One example: Database access
Computers and the Internet are all about collecting, storing and retrieving information. Databases play an essential part in this. They are usually made of several files which contains data in some custom format and of a program, called server or engine, which actually writes and reads data from those files. The server does it on request when it is contacted by client programs which, you guessed it, can be also written in Perl using the module for the corresponding database. Using modules, the basic structure of a Perl interface to the most common Open Source databases becomes pretty simple, as shown in this short example based on MySQL:
use strict;
use Mysql;
######################################################################
my $DBHOST = "the_machine_where_the_database_server_is_running";
my $DBNAME = "name_of_database_we_want_to_query";
my $DBUSER = "our_MySql_account"; # might be different by the Linux one
my $DBPASS = "the_password_for_that_MySql_account";
my @RESULTS;
######################################################################
# Connect to the MySql database server
my $DB = Mysql->connect($DBHOST, $DBNAME, $DBUSER, $DBPASS);
# Query the database
my $qry = “SELECT * FROM appdb WHERE P_ID < 100”;
my $res = $DB->query($qry);
while( @RESULTS = $res->fetchrow) {
print “$RESULTS[0], $RESULTS[1], $RESULTS[2]\n”;
}
The code above implies that the database has been already created and filled with data. Since this is nothing specific to Perl, we'll not cover it here. The first interesting command is the one with which we connect to the MySql server. Since we told the script to “use Mysql” this operation is as simple as calling Mysql->connect with the proper parameters. Isn't it great? Regardless of who wrote and maintains that MySql module and how, you load it and it just works.

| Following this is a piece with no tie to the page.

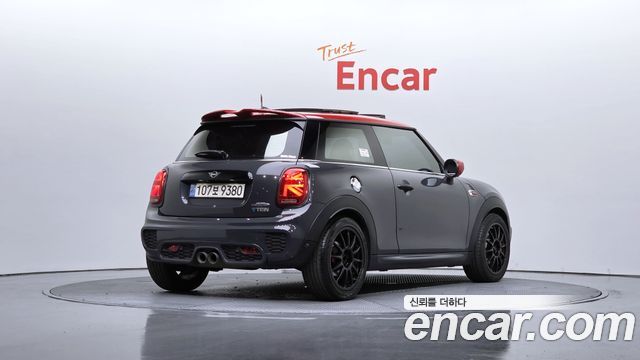 Mini Cooper 2020 — photo 2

The next two lines are where we actually query the database. The one used in that script had a table called appdb, with a numeric index called P_ID. The first command creates the SQL query and stores it into the $qry scalar. This particular query is constant, and simply requests all fields (SELECT *) from all appdb records whose P_ID index is less than 100. In the most general case, you could obviously generate it on the fly, inserting the current values of any other variable in the $qry string.
The following instruction executes, so to speak, the actual query and links it to the $res handle. This is what makes possible to access from the script, in a standard way, all the records matching the query. The insertion of another record to the database would have the same structure, obviously with the proper SQL code inside $qry. Have you noticed the while loop at the end? $res->fetchrow applies the fetchrow subroutine (or “method”) of the MySql module to the $res handle. The net result is to return, every time it is called, the next record among those who matched the current query. Every field of that record is loaded, in the same order as returned, in a different element of the $RESULTS array. This is why the print instructions inside the loop can directly print the content of those fields.
Conclusion
I hope that this short tutorial series has shown you enough to get started (and enjoy) with all the great functionalities of Perl. On to coding your own scripts now: have fun!